Replica Exchange Monte Carlo search with limitation¶

This tutorial describes the constraint expression function that can be set in the [runner.limitation] section. As an example, the replica exchange Monte Carlo method is applied to the calculation of Himmelblau with constraints.

Sample files location¶

Sample files are available in the sample/analytical/limitation directory. This directory contains the following files.

ref.txt

File to check if the calculation is executed correctly (answer to obtain by performing this tutorial).
input.toml

Input file for the main program.
do.sh

Script prepared to calculate this tutorial at once.

In the following, we will explain these files, and then introduce the actual calculation results.

Input files¶

The following input.toml is an input file for the main program.

[base]
dimension = 2
output_dir = "output"

[algorithm]
name = "exchange"
seed = 12345

[algorithm.param]
max_list = [6.0, 6.0]
min_list = [-6.0, -6.0]
unit_list = [0.3, 0.3]

[algorithm.exchange]
Tmin = 1.0
Tmax = 100000.0
numsteps = 10000
numsteps_exchange = 100

[solver]
name = "analytical"
function_name = "himmelblau"

[runner]
[runner.limitation]
co_a = [[1, -1],[1, 1]]
co_b = [[0], [-1]]

[base] section is the parameter of the main program. dimension is the number of variables to be optimized, and in this case, it is 2.

[algorithm] section is the section to set the search algorithm. name is the name of the search algorithm. In this case, specify "exchange" for the replica exchange Monte Carlo method. seed is the seed given to the pseudo-random number generator.

[algorithm.param] sub-section specifies the range of parameters to be optimized. min_list indicates the minimum value, and max_list indicates the maximum value.

[algorithm.exchange] sub-section specifies the hyperparameters of the replica exchange Monte Carlo method.

numstep is the number of Monte Carlo updates.
numsteps_exchange specifies the number of times to attempt temperature exchange.
Tmin and Tmax are the lower and upper limits of the temperature, respectively.
If Tlogspace is true, the temperature is divided equally in log space. This option is not specified in this input.toml because the default value is true.

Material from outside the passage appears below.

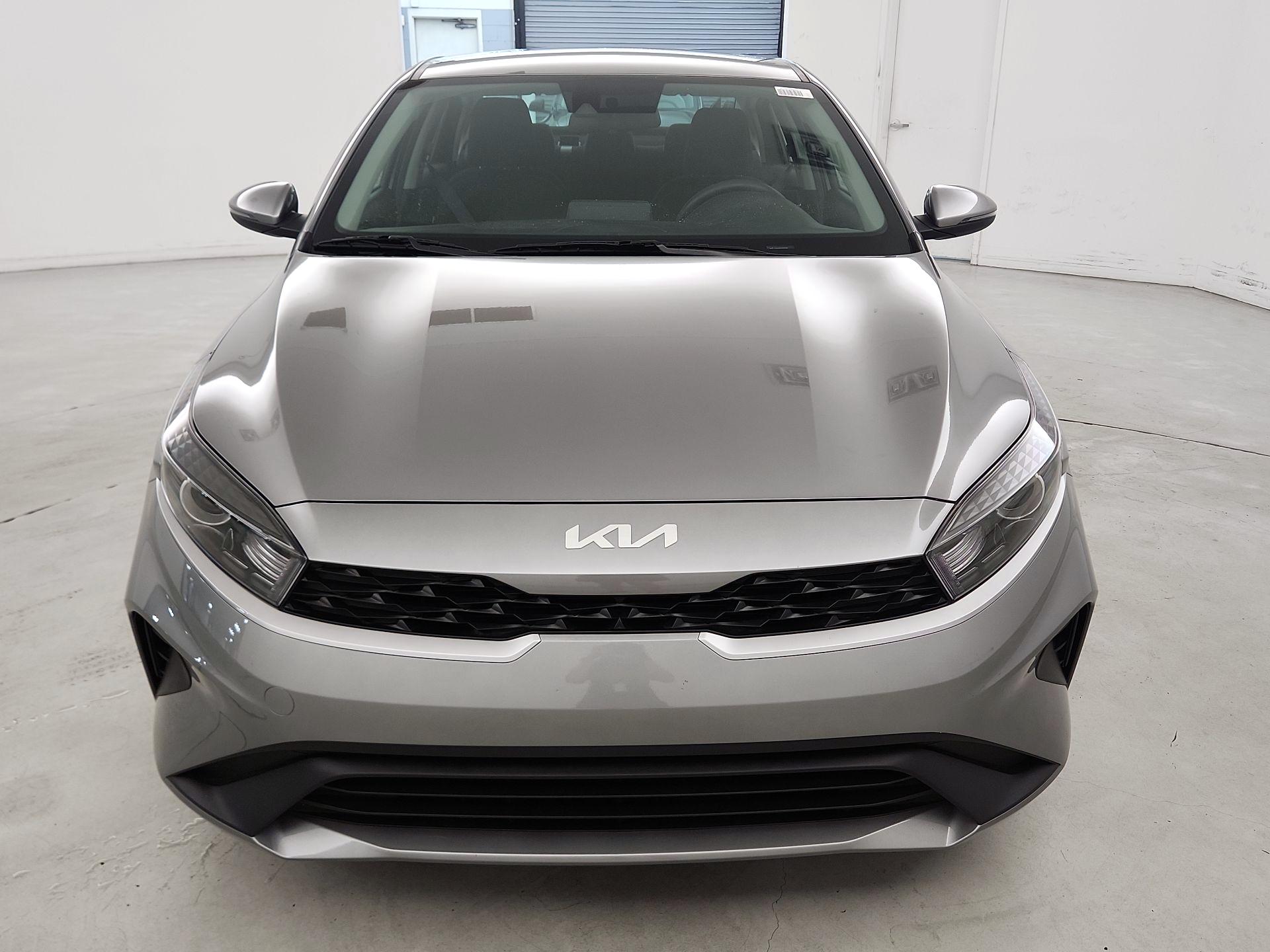 Thumbnail: 2023 Kia Forte - 2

[solver] section specifies the solver used internally in the main program. In this case, the analytical solver is specified. The analytical solver sets the function using the function_name parameter, and in this case, the Himmelblau function is specified.

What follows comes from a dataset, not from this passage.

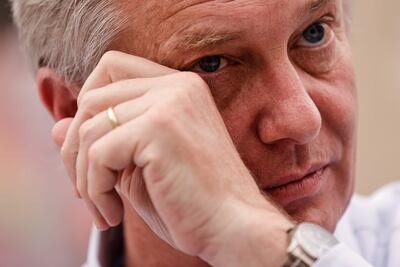 El candidato por el Partido Republicano a la presidencia de Chile, José Antonio Kast, asiste a una rueda de prensa con medios internacionales en Santiago (Chile).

[runner] section has a sub-section [runner.limitation], and in this section, the constraint expression is set. In the current version, the constraint expression is defined as \(Ax+b>0\) where \(x\) is \(N\) dimensional input parameter, \(A\) is a \(M \times N\) matrix, and \(b\) is a \(M\) dimensional vector. \(A\) and \(b\) are set by co_a and co_b, respectively. For details, see the [limitation] section in the input file in the manual.

In this case, the following constraint is imposed:

\[\begin{split}x_{1} − x_{2} > 0\\ x_{1} + x_{2} − 1 > 0\end{split}\]

Calculation¶

First, move to the folder where the sample file is located (assuming that you are directly under the directory where you downloaded this software).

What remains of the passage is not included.